» ACTION ITEM: Return exactly the lines below, starting with the one that has "Courage's Gym Mom" and going on through the one that has "Printed Midi Dress".

» DATA LISTING:
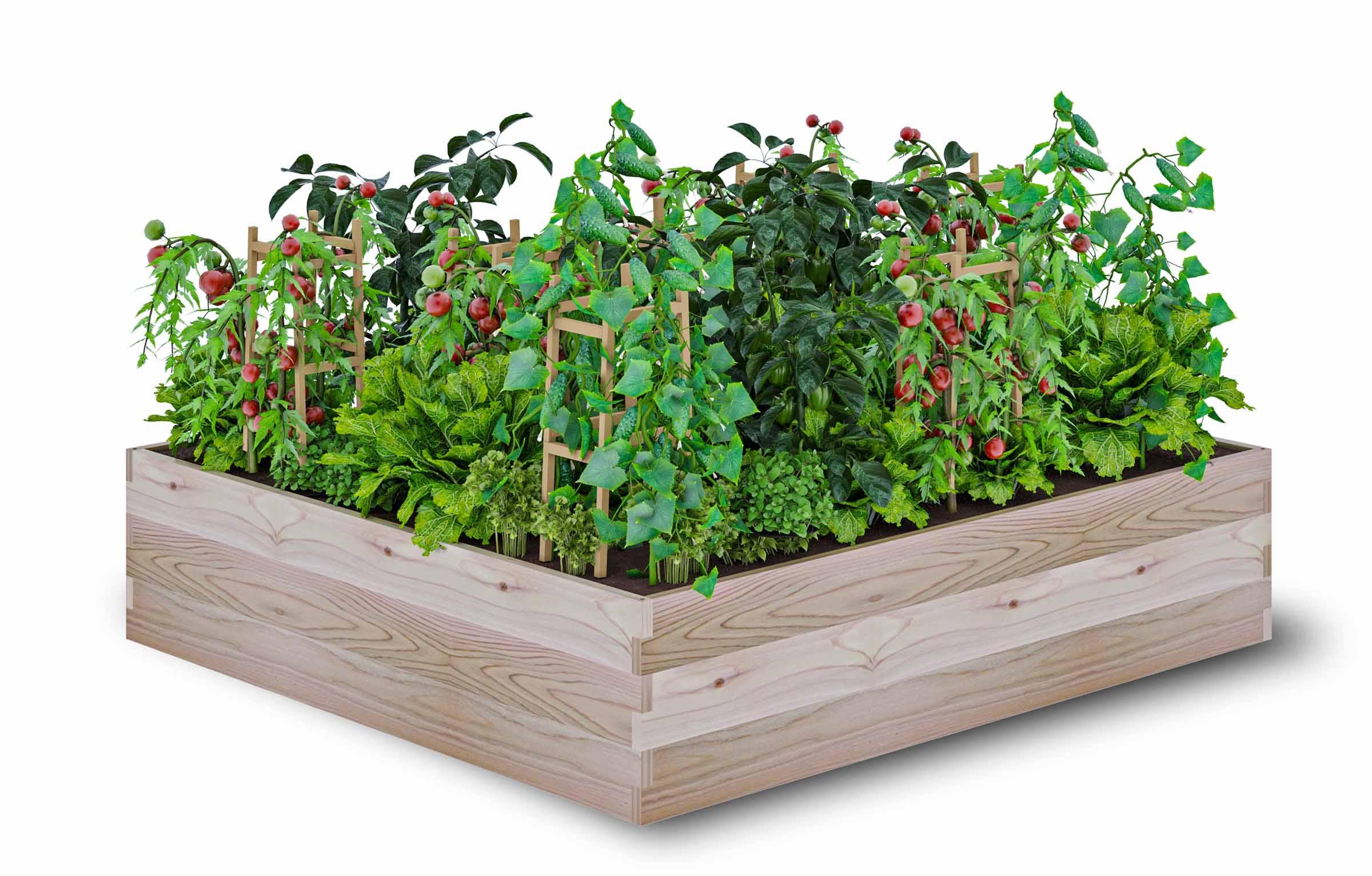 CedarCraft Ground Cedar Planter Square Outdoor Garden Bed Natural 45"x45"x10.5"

* * *

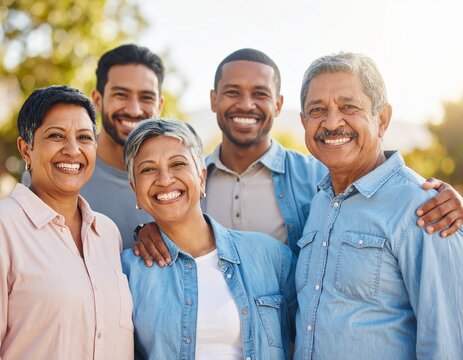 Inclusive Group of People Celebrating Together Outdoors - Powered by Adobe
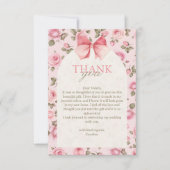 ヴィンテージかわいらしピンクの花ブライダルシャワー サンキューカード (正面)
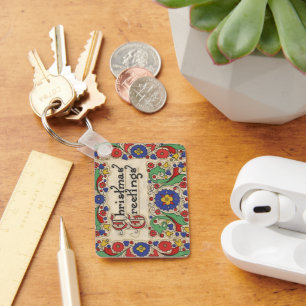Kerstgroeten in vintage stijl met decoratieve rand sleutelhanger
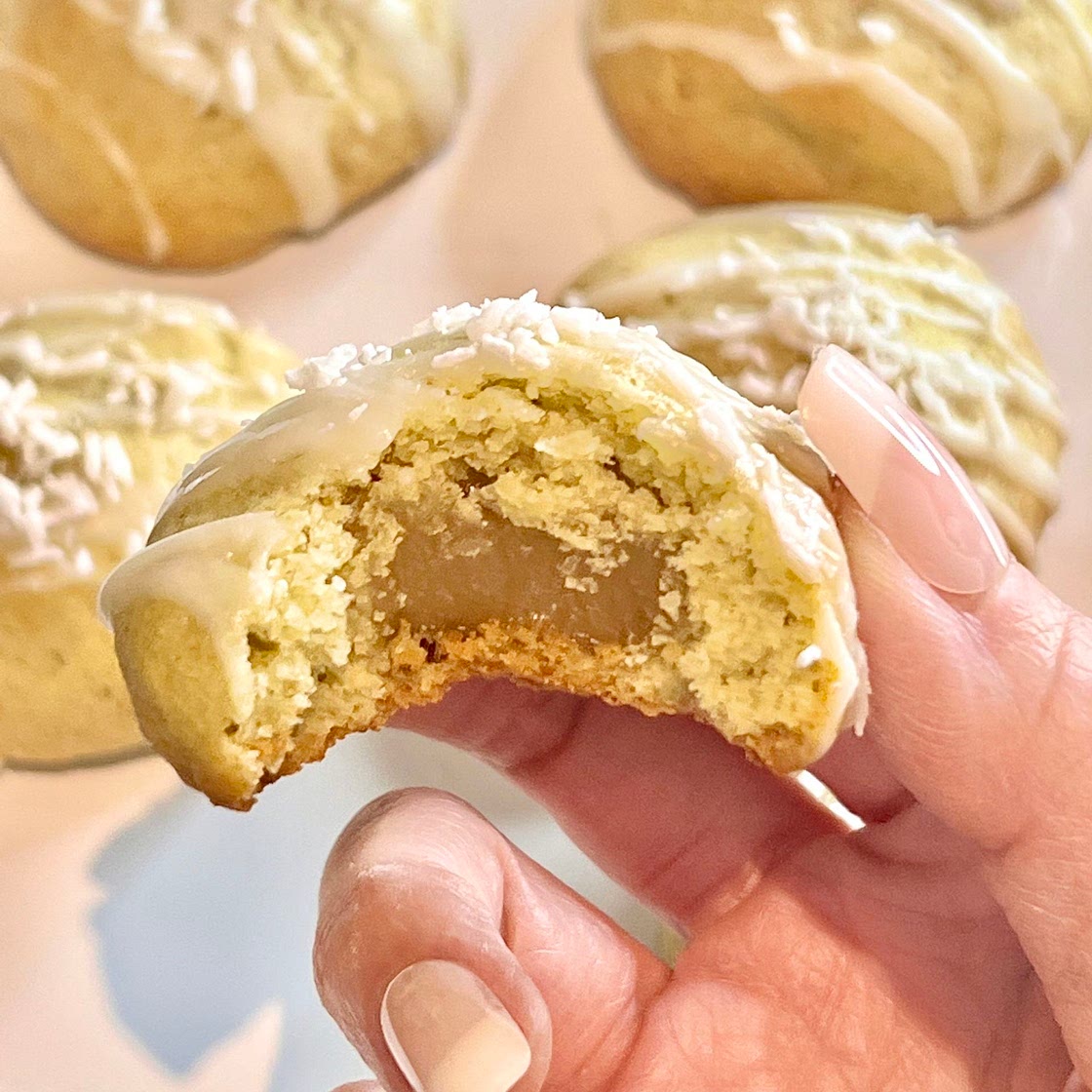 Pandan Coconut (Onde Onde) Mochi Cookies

---

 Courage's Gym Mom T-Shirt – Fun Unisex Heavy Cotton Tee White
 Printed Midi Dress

» EXERCISE OUTPUT:
 Courage's Gym Mom T-Shirt – Fun Unisex Heavy Cotton Tee White
 Printed Midi Dress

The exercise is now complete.